23.12.16
Betrachtungen zum Fest
Es ist ein lauer Dezembertag kurz vor Weihnachten. Der Schwetzinger
Schlossplatz (oder sonst ein Platz im Land) ist weiträumig
abgesperrt, aber nicht weil der Weihnachtsmann seinen Rentierschlitten
hier
landen
will,
sondern
weil Coca-Cola seinen Weihnachts-Truck angekündigt hat.
Und wirklich, als die Klappe offen ist, verkündet ein Schild,
dass man hier "den Weihnachtsmann persönlich" treffen
kann. Mit Kamin und Foto und so.
Das erfordert einige Klarstellungen mit wissenschaftlicher Seriosität:
Den Weihnachtsmann gibt es nicht. Es gibt jahreszeitlich bedingt
jede Menge Männer, die rote Mäntel anziehen, sich rote
Mützen aufsetzen und das Gesicht hinter einer gewaltigen weißen
Bartatrappe verstecken. Meistens verteilen sie Süßigkeiten.
Offenbar hat hier die Quotenregelung noch nicht gegriffen, so dass
Weihnachtsfrauen eher die Ausnahme sind.
Der Weihnachtsmann als
Motiv ist eine Übertragung des katholischen
Nikloaus in die protestantische Welt. Daher ist sein Mantel so
rot wie der Habit der Bischöfe. Nikolaus war derjenige,
der die Geschenke brachte - am 6. Dezember, an seinem Namenstag.
In den Niederlanden ist das nach alter Tradition heute noch so.
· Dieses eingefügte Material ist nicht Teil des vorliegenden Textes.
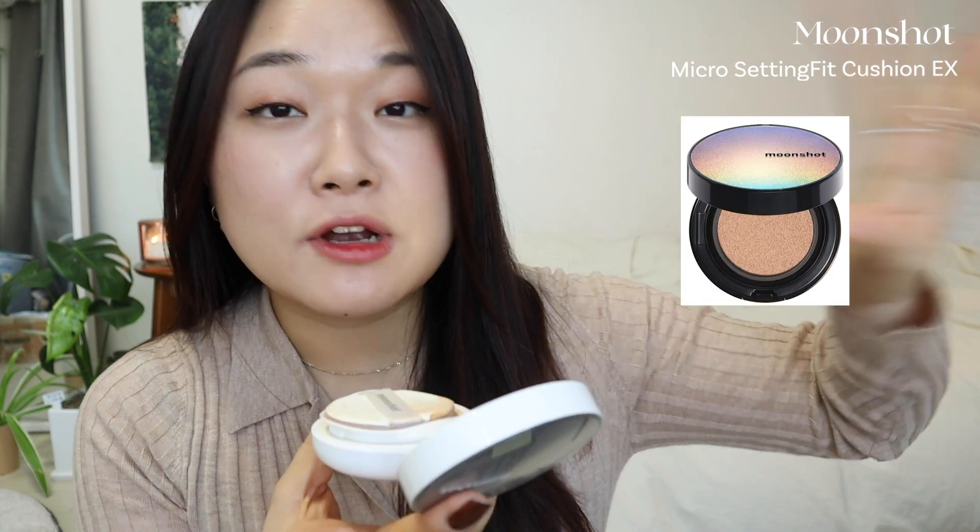Then we have the Moonshot Micro Setting Fit Cushion EX, which is an upgraded version of the original Moonshot Setting Fit — the original was a huge success. This one is really good too; it has a very lightweight finish and you can feel a slight cooling effect when you first apply it, and then it instantly dries down. If you live in a very hot and humid country, you'll really like this one. It also has very decent medium solid coverage.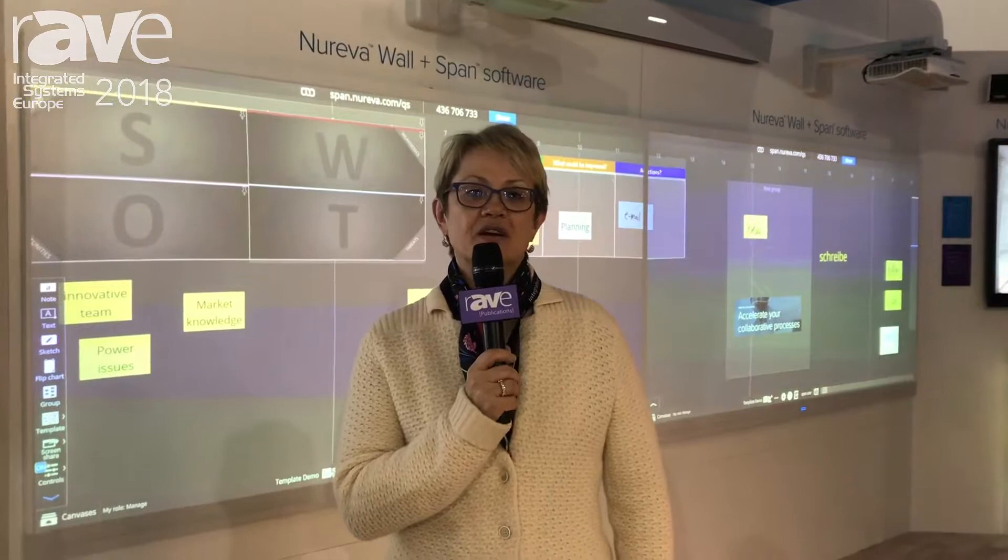If you're interested in learning more about the products that Nureva offers, go to www.nureva.com.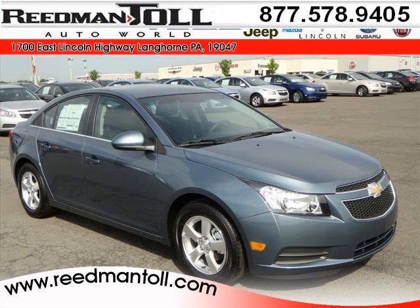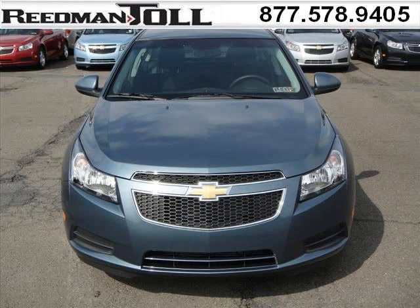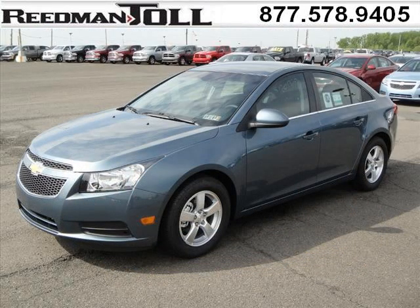Do you want to stretch your purchasing power? Well, take a look at this outstanding 2012 Chevy Cruze. This Cruze would look so much better with you behind the wheel instead of sitting on our lot. And with climate control, automatic transmission, it's bound to sell fast.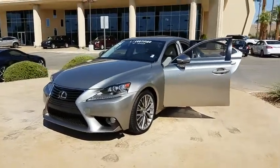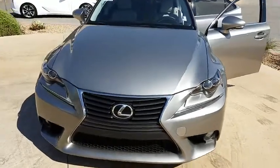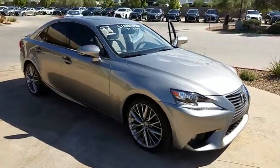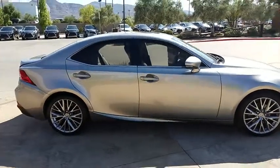The 2014 Lexus IS250 — an interior and exterior design inspired by the world of competitive racing. The IS250's authentic performance and style are the hallmarks of this classy luxury sedan. This vehicle has less than 40,000 miles.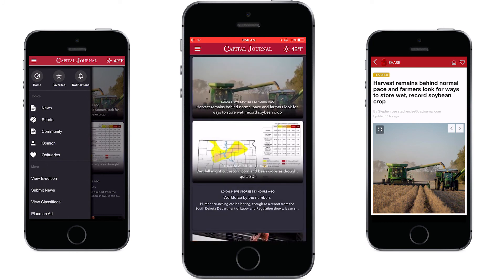If you swipe left you'll move on to the next story, or you can click the home icon on the top to return to the main screen.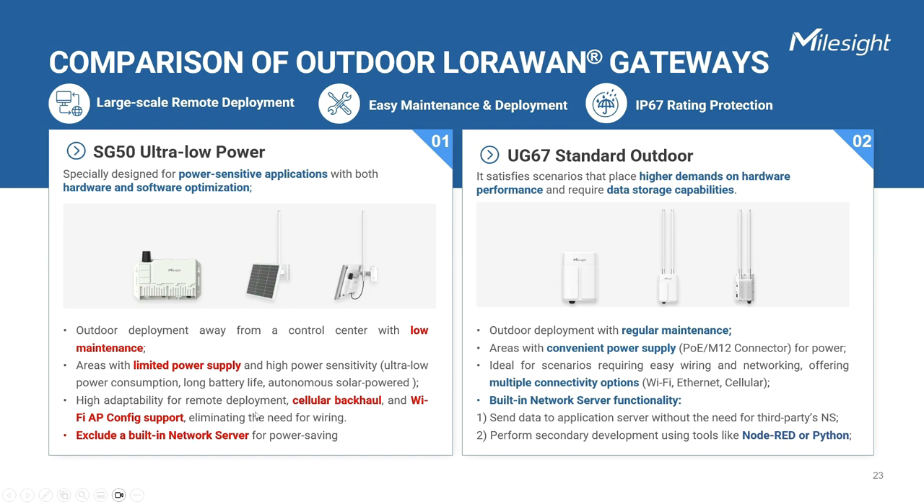Regarding Wi-Fi usage, the SG50 gateway supports Wi-Fi AP mode for configuration purposes only. On the other hand, the UG67 gateway is capable of not only Wi-Fi configuration but also data transmission over a 2.4 GHz network. When it comes to compatibility with the application server, in power-sensitive scenarios where only packet-forwarding functionality is needed without application layer development on the gateway itself, the SG50 with its lower power consumption CPU is recommended, as the built-in network server is not included, resulting in further power savings. The UG67 is well-suited for scenarios that require a gateway solution with built-in network server capability, catering to customers who prefer direct data transmission or secondary development using tools like Node-RED or Python on the device itself, eliminating the need for additional third-party LoRaWAN network servers.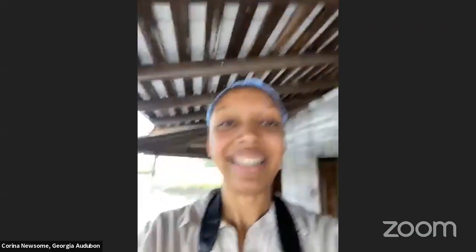Thank you so much, Dottie. Hello, everyone. Thank you so much for joining us. We are so excited to be live from the beautiful Cumberland Island, showing you the biodiversity of birds and other wildlife that we're seeing here on the island, as well as telling you a little bit about why this particular barrier island is so important. My name is Karina Newsome, I'm the Community Engagement Manager here at Georgia Audubon, and I'm going to introduce you to the other folks who are on this live stream with us.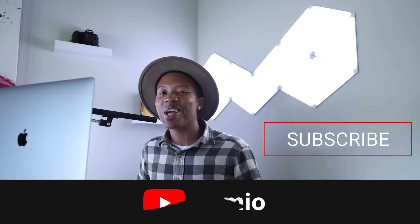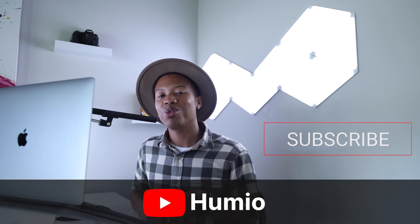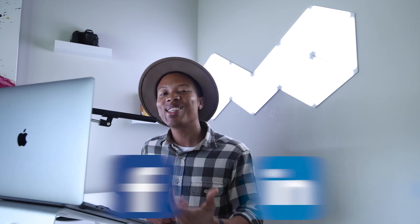Now that's a wrap, but be sure to catch our next video by smashing the like button and subscribing to Humio's YouTube channel. You can uncover tons more about Humio by following us on Twitter, LinkedIn, and Facebook. Until we meet again, beautiful people — you all be safe and you all be blessed. See you soon.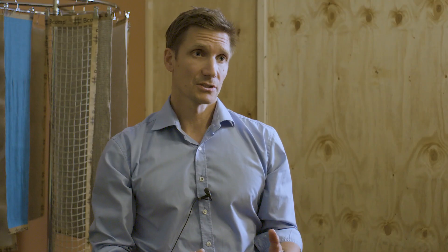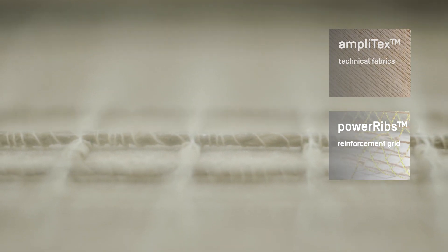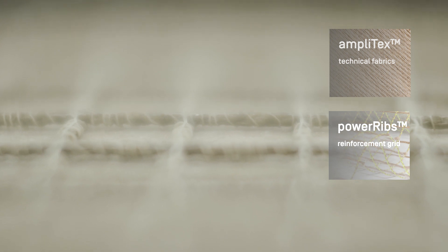The B-Comp solutions we provide our customers across different industries are really based on two products: the technical fiber range, the Amplitex range, and the patented Power Rib solution, which gives an extra boost to monolithic thin laminates by maximizing stiffness and performance through a cleverly engineered composite grid structure placed on the backside of the laminates.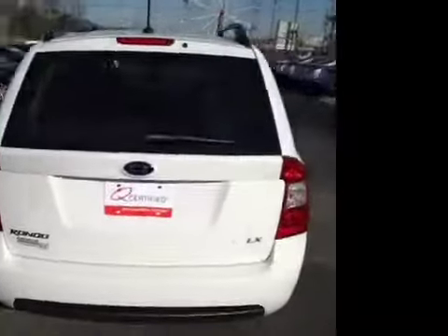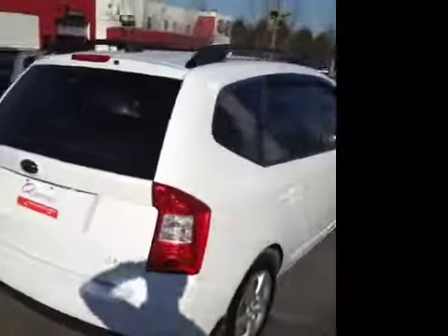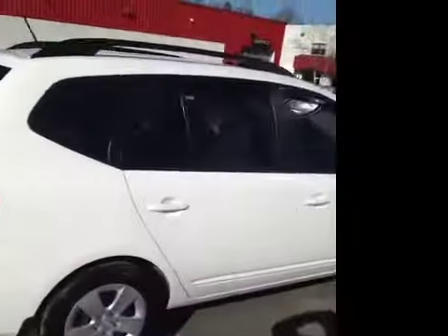This Rondo has been inspected by our certified technicians and is Q-certified. That gives you a two-year or 100,000 mile limited powertrain warranty, a one-year roadside assistance package, as well as our appearance protection package to ensure it stays running and looking great.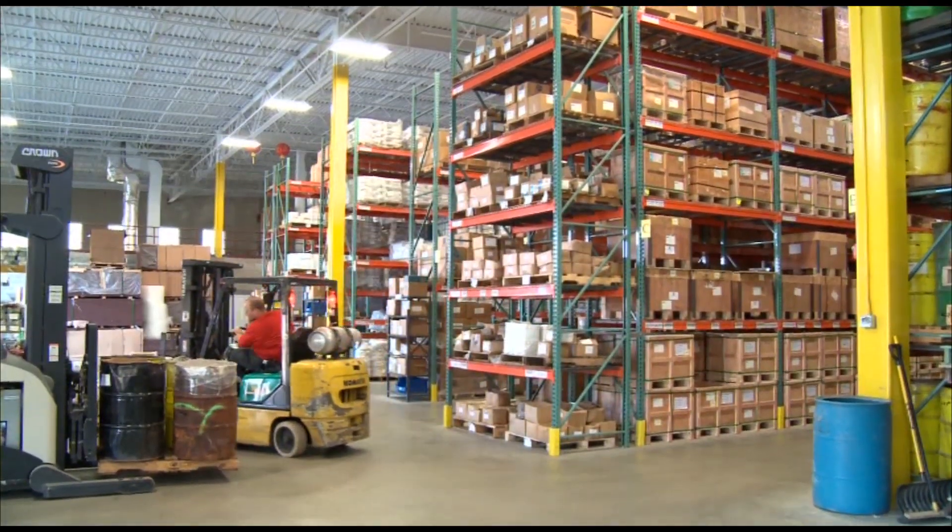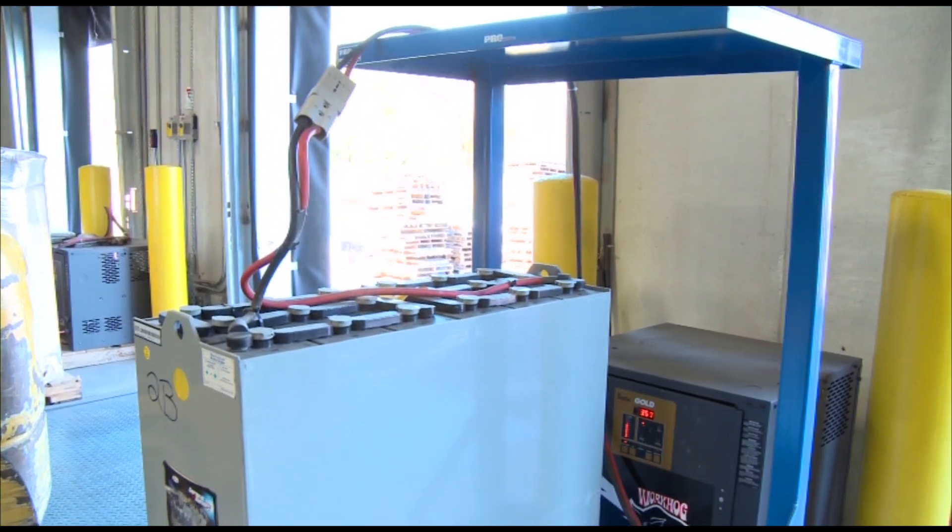Our forklifts are electric, and we used to charge them every day. We now charge those forklifts every two days or maybe every three days. It extends the life of the battery, obviously requires less electricity, and it makes it easier on our people at the same time.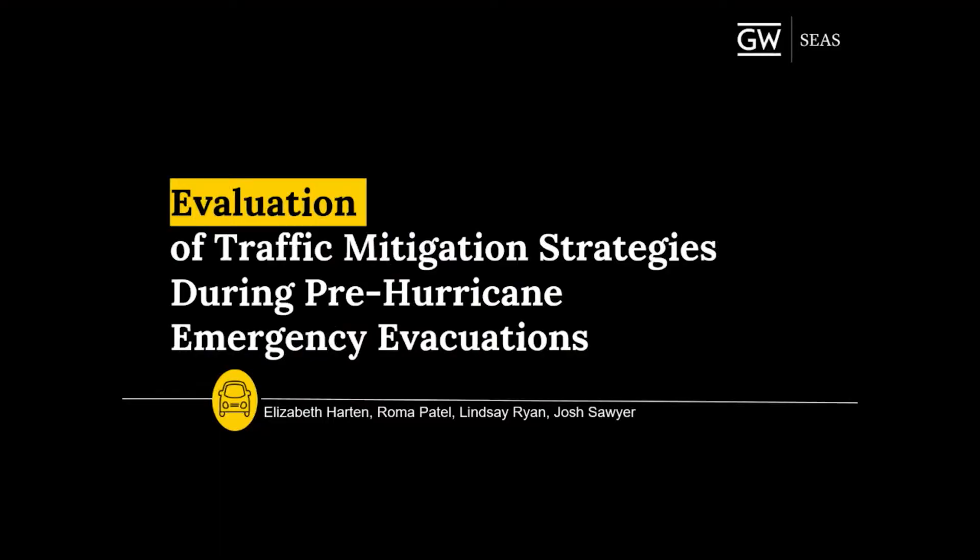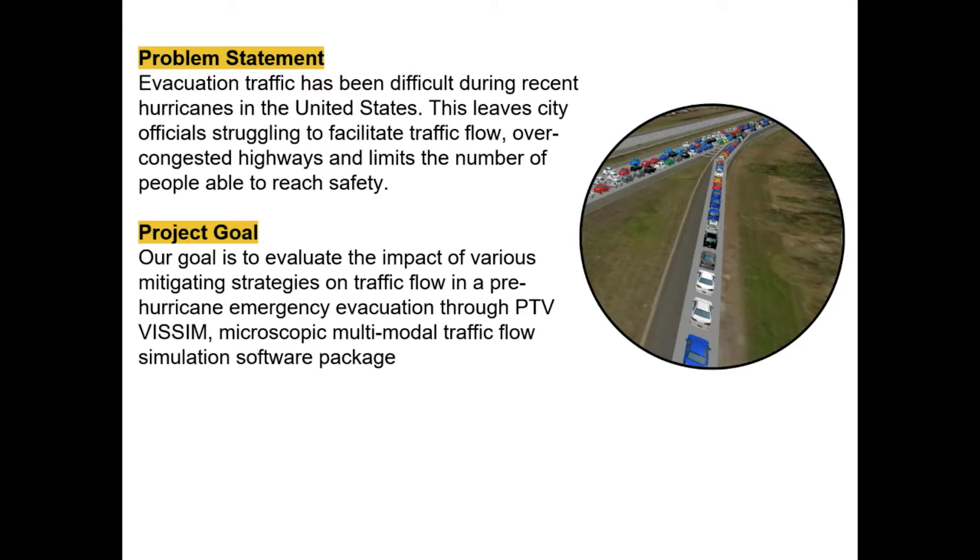Our project was an evaluation of traffic mitigation strategies during a pre-hurricane emergency evacuation. Hurricane evacuations are becoming a big problem, and with climate change, the storms are only predicted to get worse and more frequent. An efficient evacuation is going to help everybody.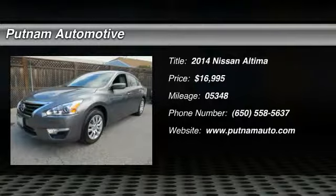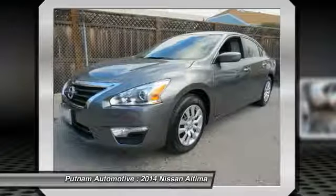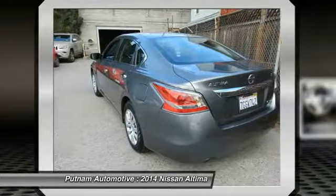The 2014 Altima. The Nissan Altima offers advanced features to make life easier, including push-button ignition, which comes standard. Combine that with a powerful V6 or efficient four-cylinder engine.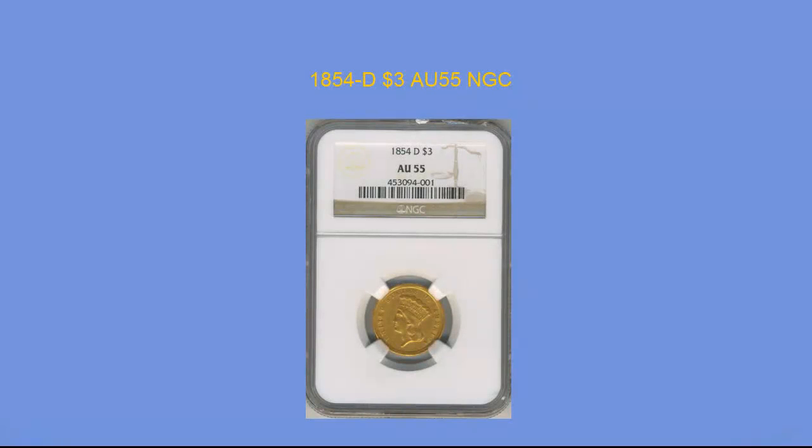1854-D Three Dollar, NGC AU55. This is by far the scarcest of all the Dahlonega Mint issues. From a mere mintage of 1,120 coins, there are probably less than 200 survivors. NGC has graded 16 coins in AU55 and only 39 more in higher grades, with the highest being an MS62. This is a high end coin for the grade with smooth, unmarked surfaces, which is unusual for an AU55 three dollar. The strike is as nice as it gets and features are as bold as they get, though there is some softness on the rims, which is common for this date. The coin has a warm greenish gold color, good eye appeal, and the date is always in demand.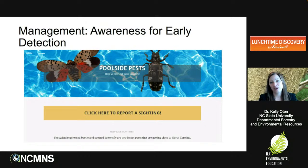We also want people to know what they look like so they can report them quickly. If they report quickly, we have a much greater chance of eradicating the population before it becomes a bigger problem. To combat this, we started a program called 'Poolside Pests' last year, to increase awareness for the spotted lanternfly and the Asian longhorn beetle — two invasive insects found in neighboring states: spotted lanternfly in Virginia, and Asian longhorn beetle near Charleston, South Carolina.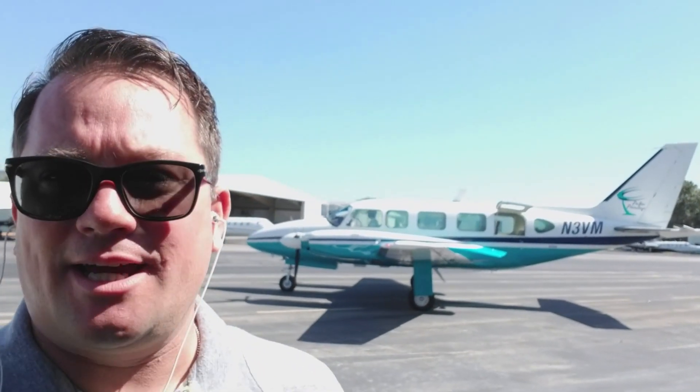At the airport, getting ready. Here's the plane. He says, let's go. Let's do this.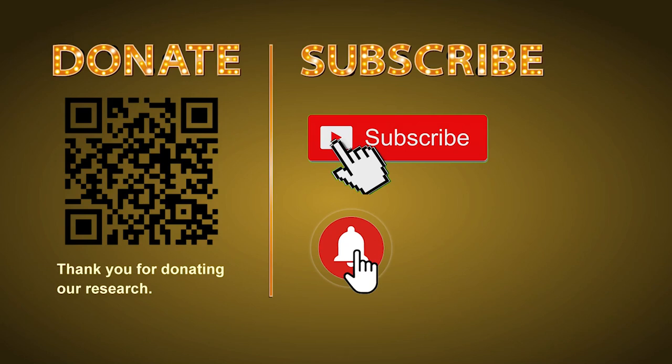Thank you for watching. Please share your numbers and hitting performance in the comments below, and like, share, and subscribe to our channel if you like it. Thank you, bye bye.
Luther setzte in Ablehnung der katholischen Traditionen an die
Stelle des Nikolaus das Christkind, das fortan die Geschenke brachte.
Meistens waren das Dinge, die man brauchen konnte in kalten Wintern
- Strümpfe, Mäntel, Pelzkrägen.
Der Nikolaus als Wohltäter hatte in vielen Gegenden einen
Begleiter bei sich, der die erzieherische Funktion übernahm
- das ist der Pelznickel, der Knecht Ruprecht, oder wie immer er,
landschaftlich verschieden, genannt wurde. Er hat das Sündenbuch
bei sich und die Rute. Die Rute war noch einige Zeit
nach Verabschiedung der Menschenrechtscharta des Europarats in
Gebrauch. Knecht Ruprecht soll übrigens dem Vernehmen nach
auf Bischof Ruprecht von Salzburg zurückgehen, einen Verwandten
der Robertiner, die im 8. Jahrhundert am nördlichen Oberrhein
das Kloster Lorsch gegründet hatten.
In manchen Gegenden Südwestdeutschlands hat sich die Tradition
des Pelznickels verselbständigt, da gehen am Nikolaustag verkleidete
junge Männer durchs Dorf und treiben Schabernack, der nicht
von allen betroffenen jungen Frauen als Schabernack gewertet wird.
Da nun das Christkind ebenso vorrangig Wohltäter ist und
die lieben Kinder - also die sozial angepassten, die ihren Eltern
wenig Mühe machen - belohnt (also positiv bestärkt und
zum weiteren sozial angepasst Sein ermutigt), da es darüber
hinaus in der klassischen Vorstellung klein, zierlich, schwach
und blond (in einem Alter kurz vor Einsetzen der Pubertät)
ist, braucht es einen starken Mann an seiner Seite, der die ganzen
Geschenke schleppt. Das ist der Weihnachtsmann, der als Motiv nichts
anderes ist als der alte Nikloaus in konfessionell übergreifender
oder ungebundener Funktion.
Dass der Weihnachtsmann durch den Kamin kommt, scheint eine romantische
Verklärung der Tatsache zu sein, dass in Amerika, der Heimat
dieser Vorstellung, Kaminheizung vorherrschte. Auch Präsident
Roosevelt pflegte in den 1930er Jahren die Tradition der "Kamingespräche".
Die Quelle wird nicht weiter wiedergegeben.